_Problem statement_
Please show all lines of the records that include "medium".

• • • • • • •

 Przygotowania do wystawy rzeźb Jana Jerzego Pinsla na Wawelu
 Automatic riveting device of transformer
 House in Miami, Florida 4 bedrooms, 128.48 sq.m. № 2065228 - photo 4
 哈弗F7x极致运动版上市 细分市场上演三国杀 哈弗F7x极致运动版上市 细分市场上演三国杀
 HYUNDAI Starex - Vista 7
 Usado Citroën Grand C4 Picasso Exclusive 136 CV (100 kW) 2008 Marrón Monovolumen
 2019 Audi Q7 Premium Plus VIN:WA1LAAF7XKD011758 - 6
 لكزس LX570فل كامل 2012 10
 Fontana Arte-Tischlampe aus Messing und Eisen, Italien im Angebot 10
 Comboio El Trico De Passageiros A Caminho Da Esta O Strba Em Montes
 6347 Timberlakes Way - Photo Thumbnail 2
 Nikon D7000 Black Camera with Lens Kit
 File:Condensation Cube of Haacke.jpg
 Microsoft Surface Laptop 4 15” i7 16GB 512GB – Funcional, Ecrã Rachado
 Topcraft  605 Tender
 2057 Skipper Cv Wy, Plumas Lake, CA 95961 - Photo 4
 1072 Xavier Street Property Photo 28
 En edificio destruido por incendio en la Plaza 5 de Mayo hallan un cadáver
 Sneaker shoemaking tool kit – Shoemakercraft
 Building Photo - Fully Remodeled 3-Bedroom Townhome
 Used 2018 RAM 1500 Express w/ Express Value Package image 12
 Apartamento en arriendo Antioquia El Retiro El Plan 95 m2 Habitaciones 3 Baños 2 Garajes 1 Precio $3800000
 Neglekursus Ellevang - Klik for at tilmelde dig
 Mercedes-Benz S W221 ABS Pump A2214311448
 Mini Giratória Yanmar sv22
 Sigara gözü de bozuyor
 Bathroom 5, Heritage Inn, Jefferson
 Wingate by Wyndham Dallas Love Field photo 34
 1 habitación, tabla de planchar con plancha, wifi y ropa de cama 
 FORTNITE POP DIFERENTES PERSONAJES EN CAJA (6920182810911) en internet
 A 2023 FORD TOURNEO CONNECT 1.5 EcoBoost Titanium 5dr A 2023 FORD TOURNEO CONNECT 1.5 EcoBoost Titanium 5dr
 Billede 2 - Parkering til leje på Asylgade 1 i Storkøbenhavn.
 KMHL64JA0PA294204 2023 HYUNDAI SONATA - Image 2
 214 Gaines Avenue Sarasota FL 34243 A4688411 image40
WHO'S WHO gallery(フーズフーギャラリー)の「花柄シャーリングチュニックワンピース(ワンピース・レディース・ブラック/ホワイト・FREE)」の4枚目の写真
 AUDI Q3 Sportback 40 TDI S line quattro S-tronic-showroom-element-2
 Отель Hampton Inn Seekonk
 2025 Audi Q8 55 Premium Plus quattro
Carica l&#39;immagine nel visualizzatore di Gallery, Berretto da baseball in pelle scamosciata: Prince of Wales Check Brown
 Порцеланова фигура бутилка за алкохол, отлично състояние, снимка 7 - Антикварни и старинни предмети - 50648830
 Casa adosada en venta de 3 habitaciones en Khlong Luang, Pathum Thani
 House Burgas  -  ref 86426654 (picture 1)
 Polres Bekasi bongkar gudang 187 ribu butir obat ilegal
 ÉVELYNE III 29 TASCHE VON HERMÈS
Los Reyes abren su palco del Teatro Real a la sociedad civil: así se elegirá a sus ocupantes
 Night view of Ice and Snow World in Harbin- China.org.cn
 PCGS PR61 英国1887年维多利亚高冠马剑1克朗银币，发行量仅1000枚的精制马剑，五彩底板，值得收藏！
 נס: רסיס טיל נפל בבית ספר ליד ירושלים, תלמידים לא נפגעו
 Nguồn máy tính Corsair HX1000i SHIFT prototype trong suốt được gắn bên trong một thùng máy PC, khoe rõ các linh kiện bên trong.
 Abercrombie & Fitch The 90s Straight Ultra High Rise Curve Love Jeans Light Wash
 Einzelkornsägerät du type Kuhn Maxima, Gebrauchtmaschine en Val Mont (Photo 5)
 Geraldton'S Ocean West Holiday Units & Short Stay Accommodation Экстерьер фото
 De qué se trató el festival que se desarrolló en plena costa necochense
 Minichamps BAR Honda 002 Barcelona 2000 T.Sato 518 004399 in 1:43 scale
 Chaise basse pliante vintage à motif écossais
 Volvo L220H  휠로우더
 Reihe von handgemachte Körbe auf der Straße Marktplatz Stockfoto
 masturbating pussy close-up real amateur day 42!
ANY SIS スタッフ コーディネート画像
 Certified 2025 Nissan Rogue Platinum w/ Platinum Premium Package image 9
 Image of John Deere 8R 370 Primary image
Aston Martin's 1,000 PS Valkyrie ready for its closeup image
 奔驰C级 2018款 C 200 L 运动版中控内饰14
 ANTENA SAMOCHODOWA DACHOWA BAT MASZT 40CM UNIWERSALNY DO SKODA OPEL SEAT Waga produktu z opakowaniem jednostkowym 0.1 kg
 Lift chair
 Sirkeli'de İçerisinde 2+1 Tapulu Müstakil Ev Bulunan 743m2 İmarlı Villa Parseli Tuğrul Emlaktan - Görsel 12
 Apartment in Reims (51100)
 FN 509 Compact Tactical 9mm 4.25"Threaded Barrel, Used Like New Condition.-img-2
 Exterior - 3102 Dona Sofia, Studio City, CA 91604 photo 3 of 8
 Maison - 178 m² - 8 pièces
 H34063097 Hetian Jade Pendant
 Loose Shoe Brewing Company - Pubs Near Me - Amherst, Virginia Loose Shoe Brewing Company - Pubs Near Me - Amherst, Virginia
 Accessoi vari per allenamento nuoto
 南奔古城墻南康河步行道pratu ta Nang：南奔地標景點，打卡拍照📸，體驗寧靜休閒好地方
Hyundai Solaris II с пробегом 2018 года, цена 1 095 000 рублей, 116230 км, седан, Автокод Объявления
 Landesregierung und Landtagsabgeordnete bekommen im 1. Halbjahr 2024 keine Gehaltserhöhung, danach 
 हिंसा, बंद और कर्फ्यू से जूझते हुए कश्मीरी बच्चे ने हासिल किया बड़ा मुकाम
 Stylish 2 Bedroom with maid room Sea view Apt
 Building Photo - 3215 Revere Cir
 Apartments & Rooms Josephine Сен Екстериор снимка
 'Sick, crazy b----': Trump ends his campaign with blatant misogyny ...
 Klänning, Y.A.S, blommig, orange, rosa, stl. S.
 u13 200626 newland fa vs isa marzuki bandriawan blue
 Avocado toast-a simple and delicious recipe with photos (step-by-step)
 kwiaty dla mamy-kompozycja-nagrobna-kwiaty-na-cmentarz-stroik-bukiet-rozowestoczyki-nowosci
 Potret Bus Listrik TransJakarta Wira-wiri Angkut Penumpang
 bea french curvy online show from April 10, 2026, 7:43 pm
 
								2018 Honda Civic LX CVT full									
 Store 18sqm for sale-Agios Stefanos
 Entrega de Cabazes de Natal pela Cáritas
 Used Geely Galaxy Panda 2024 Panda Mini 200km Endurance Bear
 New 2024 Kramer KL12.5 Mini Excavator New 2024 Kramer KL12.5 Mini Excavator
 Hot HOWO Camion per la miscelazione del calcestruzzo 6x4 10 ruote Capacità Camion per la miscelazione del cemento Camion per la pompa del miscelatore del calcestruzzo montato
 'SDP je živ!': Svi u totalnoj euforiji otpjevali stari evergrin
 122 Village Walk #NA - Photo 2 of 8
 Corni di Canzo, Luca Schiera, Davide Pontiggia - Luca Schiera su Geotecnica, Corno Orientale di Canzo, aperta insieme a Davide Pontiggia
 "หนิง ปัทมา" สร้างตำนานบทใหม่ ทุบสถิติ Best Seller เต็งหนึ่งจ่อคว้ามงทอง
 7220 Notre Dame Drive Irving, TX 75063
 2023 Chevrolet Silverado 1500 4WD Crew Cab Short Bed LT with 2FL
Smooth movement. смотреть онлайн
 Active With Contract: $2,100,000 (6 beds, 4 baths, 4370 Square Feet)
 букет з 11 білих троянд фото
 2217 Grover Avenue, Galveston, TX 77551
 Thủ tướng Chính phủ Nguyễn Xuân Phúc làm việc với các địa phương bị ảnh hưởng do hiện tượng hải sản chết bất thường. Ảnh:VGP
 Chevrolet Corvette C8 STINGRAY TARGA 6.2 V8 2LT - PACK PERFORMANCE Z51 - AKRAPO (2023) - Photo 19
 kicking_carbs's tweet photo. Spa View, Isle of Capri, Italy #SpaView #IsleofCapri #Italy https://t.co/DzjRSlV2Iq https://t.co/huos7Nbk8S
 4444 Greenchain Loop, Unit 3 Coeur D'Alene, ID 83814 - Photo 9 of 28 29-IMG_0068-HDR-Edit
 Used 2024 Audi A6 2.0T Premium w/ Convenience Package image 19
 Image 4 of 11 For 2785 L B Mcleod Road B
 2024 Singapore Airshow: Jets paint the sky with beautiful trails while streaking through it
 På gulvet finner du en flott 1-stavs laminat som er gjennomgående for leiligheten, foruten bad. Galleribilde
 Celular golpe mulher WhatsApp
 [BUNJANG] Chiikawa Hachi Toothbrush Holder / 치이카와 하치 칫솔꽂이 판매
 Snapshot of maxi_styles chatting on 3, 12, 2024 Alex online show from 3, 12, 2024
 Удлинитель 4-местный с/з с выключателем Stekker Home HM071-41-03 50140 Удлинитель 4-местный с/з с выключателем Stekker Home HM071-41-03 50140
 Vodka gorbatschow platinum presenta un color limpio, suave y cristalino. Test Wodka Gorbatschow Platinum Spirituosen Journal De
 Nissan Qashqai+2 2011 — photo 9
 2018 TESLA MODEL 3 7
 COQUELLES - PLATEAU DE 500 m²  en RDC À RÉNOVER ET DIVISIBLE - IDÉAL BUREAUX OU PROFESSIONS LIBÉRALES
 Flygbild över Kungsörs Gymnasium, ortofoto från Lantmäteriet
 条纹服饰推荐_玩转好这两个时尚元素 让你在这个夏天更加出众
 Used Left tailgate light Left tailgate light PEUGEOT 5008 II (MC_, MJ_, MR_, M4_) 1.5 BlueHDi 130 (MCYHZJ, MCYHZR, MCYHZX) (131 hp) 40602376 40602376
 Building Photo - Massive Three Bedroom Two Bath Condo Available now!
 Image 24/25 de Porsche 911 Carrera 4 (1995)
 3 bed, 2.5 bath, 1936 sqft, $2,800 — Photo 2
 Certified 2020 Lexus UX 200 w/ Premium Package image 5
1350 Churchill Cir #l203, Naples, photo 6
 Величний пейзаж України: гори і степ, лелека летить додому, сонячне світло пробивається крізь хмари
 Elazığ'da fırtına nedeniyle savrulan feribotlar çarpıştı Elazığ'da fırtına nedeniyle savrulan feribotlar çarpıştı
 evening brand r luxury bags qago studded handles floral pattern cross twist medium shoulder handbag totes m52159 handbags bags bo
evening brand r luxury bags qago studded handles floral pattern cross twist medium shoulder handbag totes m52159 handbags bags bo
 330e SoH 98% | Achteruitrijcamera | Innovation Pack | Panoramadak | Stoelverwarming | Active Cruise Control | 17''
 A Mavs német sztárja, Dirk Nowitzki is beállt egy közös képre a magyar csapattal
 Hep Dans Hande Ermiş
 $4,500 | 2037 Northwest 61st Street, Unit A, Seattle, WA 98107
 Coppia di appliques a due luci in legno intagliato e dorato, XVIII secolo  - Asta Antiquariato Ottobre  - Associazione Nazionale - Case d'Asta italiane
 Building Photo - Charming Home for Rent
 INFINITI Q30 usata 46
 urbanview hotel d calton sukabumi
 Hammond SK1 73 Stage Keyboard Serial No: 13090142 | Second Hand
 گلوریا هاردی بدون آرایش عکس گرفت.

• • • • • • •

_Task answer_
 evening brand r luxury bags qago studded handles floral pattern cross twist medium shoulder handbag totes m52159 handbags bags bo
evening brand r luxury bags qago studded handles floral pattern cross twist medium shoulder handbag totes m52159 handbags bags bo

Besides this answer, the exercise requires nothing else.